Ve yaşamaktı hayal! Hayata yeniden sarılmaktı.kılcını kuşanıp gerçekle savaşmaktı. En güzeli uğruna yaşadığı insanlar için yaşamaktı…
Bu hikayedeki bütün ışıklar zaten hep yanıyordu. Karanlık ancak düşününce geliyordu.
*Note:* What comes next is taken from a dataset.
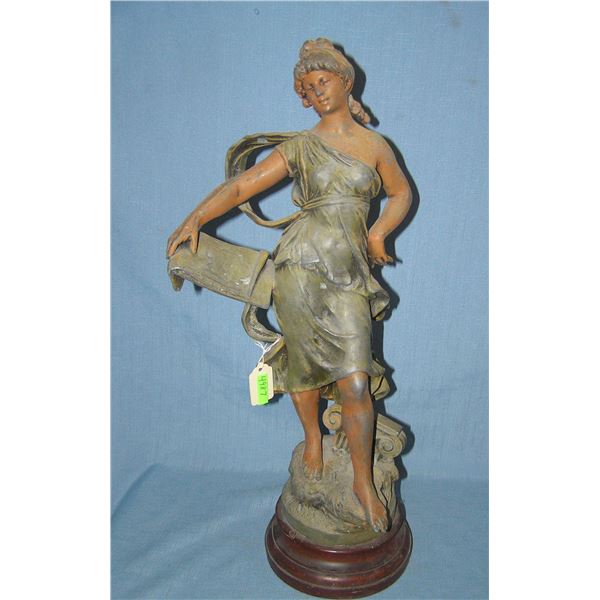 Hand painted cast metal woman figure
Ve karanlığı yaratan insanlık, isteyince ve azmedince hep aydınlığa çıkabiliyordu.
Ve yaşamak, pes etmek yerine
Ve bağlanmak en güçlü duygulara…
Hayat masalsa ya da gerçekse
Kimin umrunda
Yaşamak bir ömür mutlulukla…



Bir teşşekkür yetecektir
 

yagmurROCK

New member
Çünkü Bu aşk hayallerin ilmek ilmek ördüğü, kışın ortasında sıcacık tuttuğu bir masaldı.!!!!!!!!!!!!! Masaldı.!!
neden gerçek olmadı neden masal bitti. Seven insan sevdiğini hiç üzermi? damla gözyaşına kıyamazken ben..bu kadar kolaymıydı kıymak bir bir hayallere, yaşanmışlıklara, sahiplik duygusuna..evet sadece bana ait dediğim sevgili... neden başkalarının oldun...neden?